Well firstly, what do you consider "signs and wonders"?
Miracles. You know, just like they are presented in the bible.
People have done amazing things in the name of Christ. . .
Yeah, and? "Amazing things" is a) inherently subjective, and b) not exclusive with respect to miracles. 'Signs and wonders' is generally a reference to miracles -- healing, driving out demons, etc. -- and not merely painting the Sistine Chapel (or whatever you're counting as "amazing things").
. . .and people have also done amazing things in the name of idolatry [link to a Google search for "Obama the Messiah"].
What the actual fuck? Seriously. What the fuck does some nutjob crackery have to do with the price of tea in China? I don't even.
Signs and wonders doesn't necessarily mean supernatural.
Yes, it does, according to everywhere that phrase is used in the bible. Specifically, the word translated as 'wonder' (Strong's G5059) is exclusively used in that context, and indeed the word translated as 'miracle' in e.g. Acts 2:22 (Strong's G1411) is most often translated as 'power' or 'mighty works' everywhere else. If by 'mighty works' something like building the Panama Canal was meant, then probably that otherwise common term would have been used in e.g. Matthew 24:24, Acts 4:30, etc.

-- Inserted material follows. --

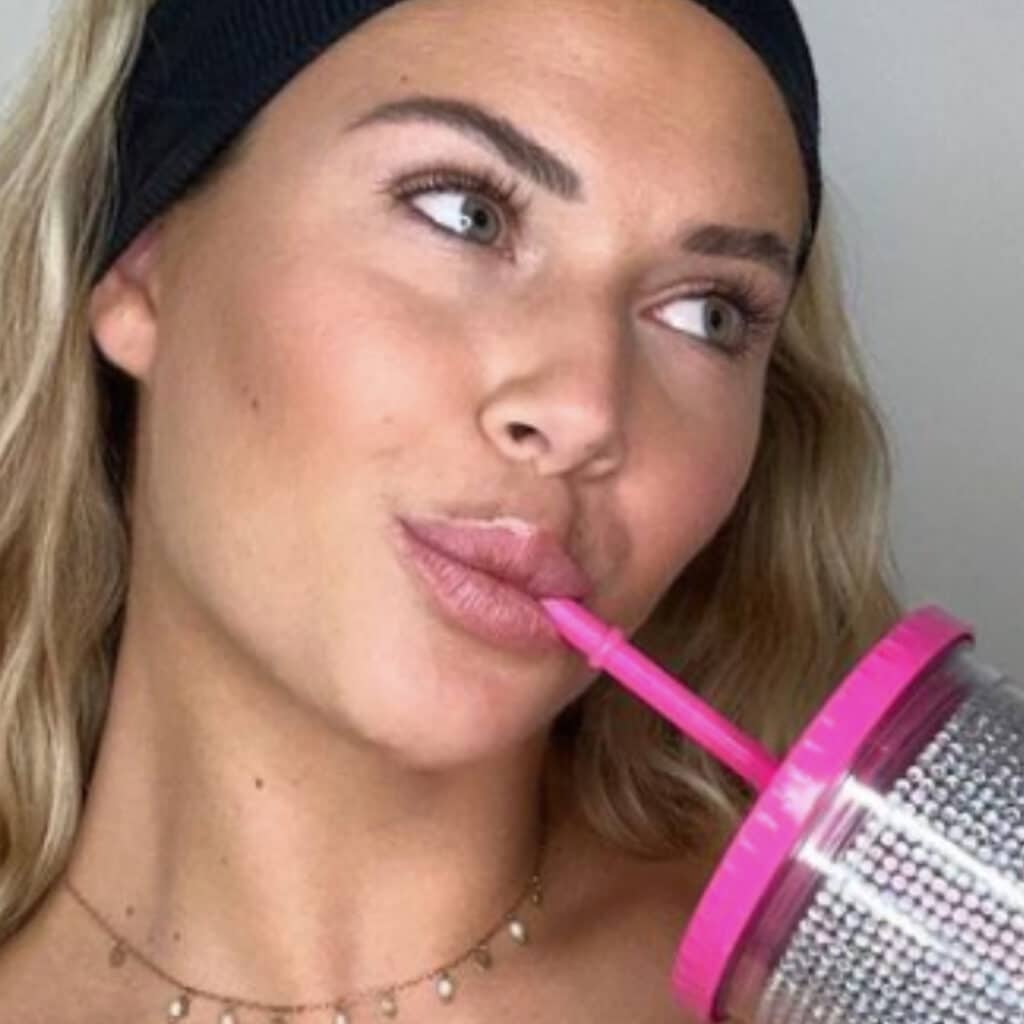 Cassandra Jullia : complexée par sa prise de poids sur le tournage des Cinquante, elle montre sa cellulite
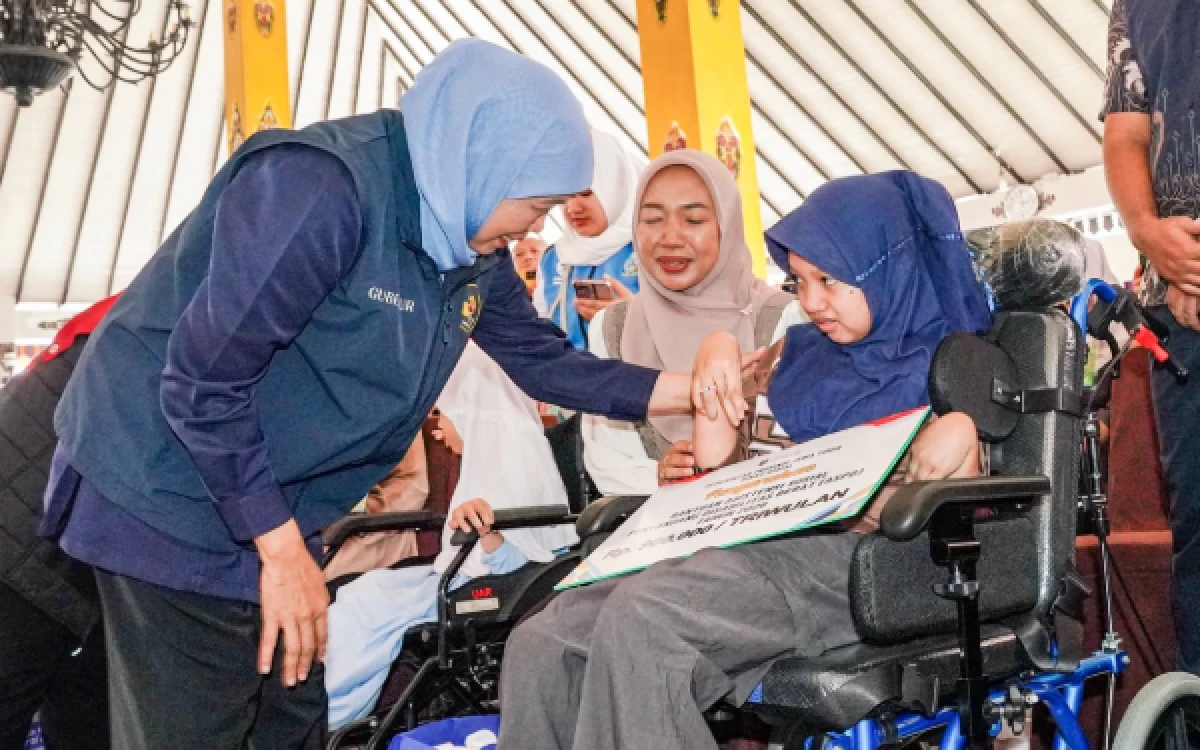 Thumbnail Berita - Hari Jadi ke-81 Jatim, Khofifah Salurkan Rp9,87 Miliar untuk Bansos dan Pemberdayaan di Magetan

But it wasn't. 'Signs and wonders' is the phrase used, and it clearly means miracles, especially when surrounded by things like 'stretching forth their hands to heal.'
He said "the works I have been doing."
You're referencing John 14:12, it seems, and you neglect to provide the rest of that statement (emphasis added):
Very truly I tell you, whoever believes in me will do the works I have been doing, and they will do even greater things than these, because I am going to the Father.
If you're trying to say he's referring to mundane tasks of arbitrary difficulty (e.g. building things), you're still stuck in that whatever Jesus did, his followers will evidently do even greater things. As Jesus is not recorded as having built anything of any significance, but his 'works' are instead listed as building a religious following and performing magic, it seems to me that his followers will either a) build their own religious followings (which is to say, they would no longer be his followers), or they'll be capable of greater magic.
But they're not. Hence OP's question, and by my count there are the same number of miracles being performed as there are satisfactory responses to the question. Hint: it's an integer lying on the interval (-1, 1).